Dieser Spieler ist Novak Djokovic aber nicht mehr. Er ist nicht mehr der Seriensieger, der selbstbewusste Marathonkämpfer, der Gladiator, der seine Gegner mit unbarmherziger Konsequenz in Grund und Boden rannte und pro Saison 90 Prozent seiner Matches gewann.

Und deshalb ist Djokovic, der 30-jährige Belgrader, nun eben auch ein Mann, der an einem Montag spielen muss(te). Oder genereller: Der Mann, der sich schon in der ersten Runde stets in die Tennisduelle zu stürzen hat, gegen jeden möglichen Gegner.

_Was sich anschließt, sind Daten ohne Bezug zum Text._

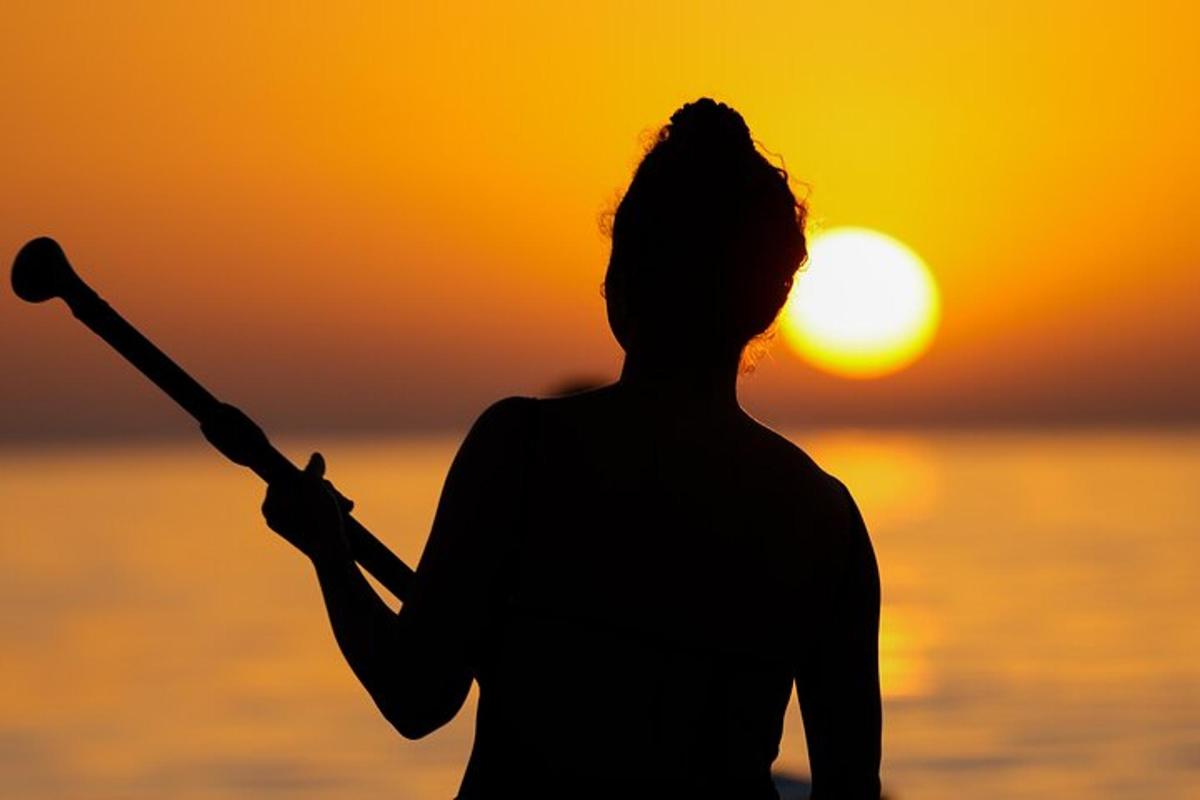 seorang wanita memegang kayu besbol pada waktu matahari terbenam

In Madrid, wo er diese Woche antritt, hätte ihm das Los zum Auftakt auch den Sandplatzmeister Rafael Nadal bescheren können, es wäre ein verrückter Wink des Schicksals gewesen.

Gegen Kei Nishikori glückte in Madrid ein Sieg

Aber richtig leicht hatte es Djokovic auch nicht, als ihm bei der Auslosung der langjährige japanische Top Ten-Spieler Kei Nishikori zugeordnet wurde. Djokovic gegen Nishikori, es hätte vor zwei, drei Jahren auch ein Grand Slam-Finale sein können. Aber nun, in den Wirren von Djokovics schleichendem Abstieg durch Motivationsprobleme und Verletzungspech, war es ein Erstrunden-Kracher - immerhin mit Happy-End für den früher so geschmeidigen und gewandten Serben (7:5, 6:4).

Djokovic, 2015 und teilweise auch noch 2016 die überlegenste Nummer 1, die das Tennis je hatte, steckt trotz dieses Ausrufezeichen-Sieges immer noch im Krisenmodus. Er hat eine Achterbahnfahrt ohne Beispiel hinter sich, bei der er sich nun möglicherweise endlich wieder vom Tiefpunkt wegbewegt.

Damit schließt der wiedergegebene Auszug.